What you need to do >> The lines from the one holding "dunk low retro zalora" to the final line of the listing below are to be duplicated exactly, with both ends included and pictures omitted.

Collected material section start

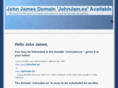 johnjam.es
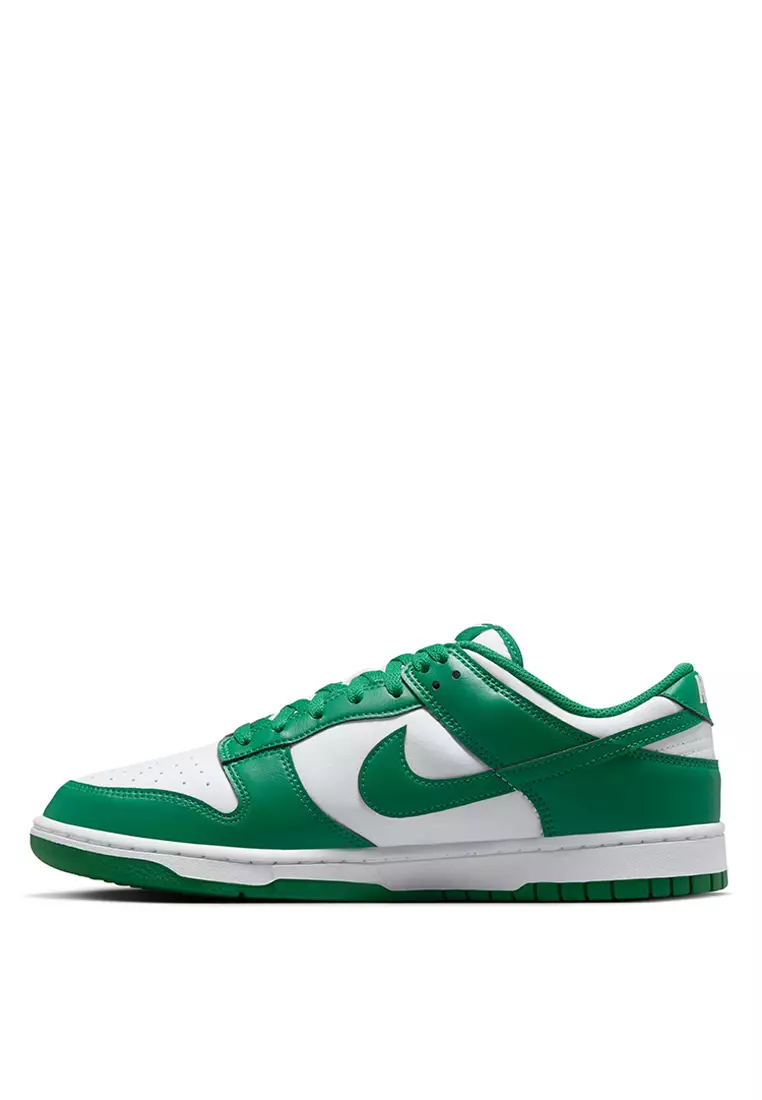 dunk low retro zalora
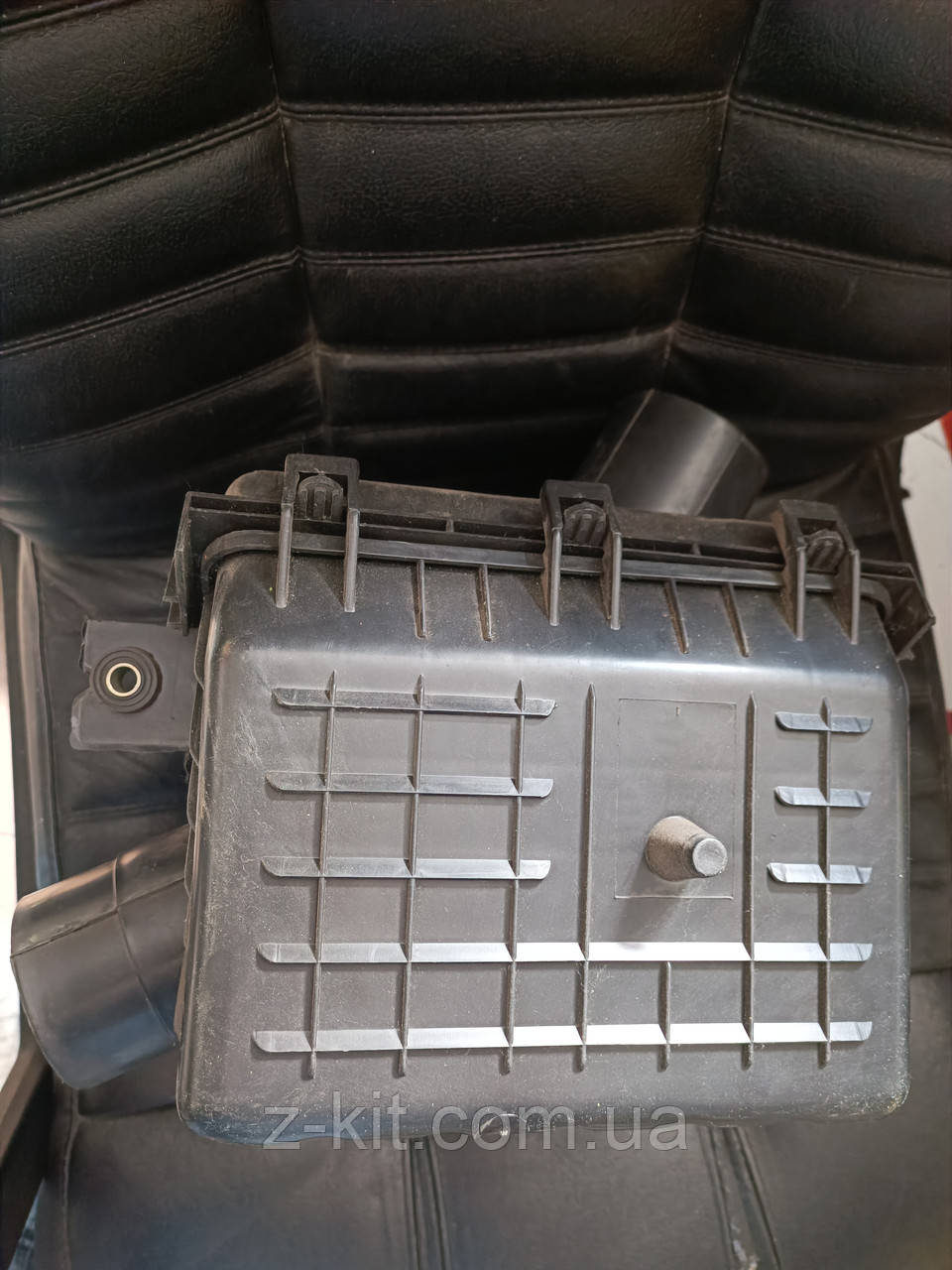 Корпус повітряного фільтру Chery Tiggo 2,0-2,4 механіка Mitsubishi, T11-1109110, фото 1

Collected material section end

Response to this task >>
 dunk low retro zalora
 Корпус повітряного фільтру Chery Tiggo 2,0-2,4 механіка Mitsubishi, T11-1109110, фото 1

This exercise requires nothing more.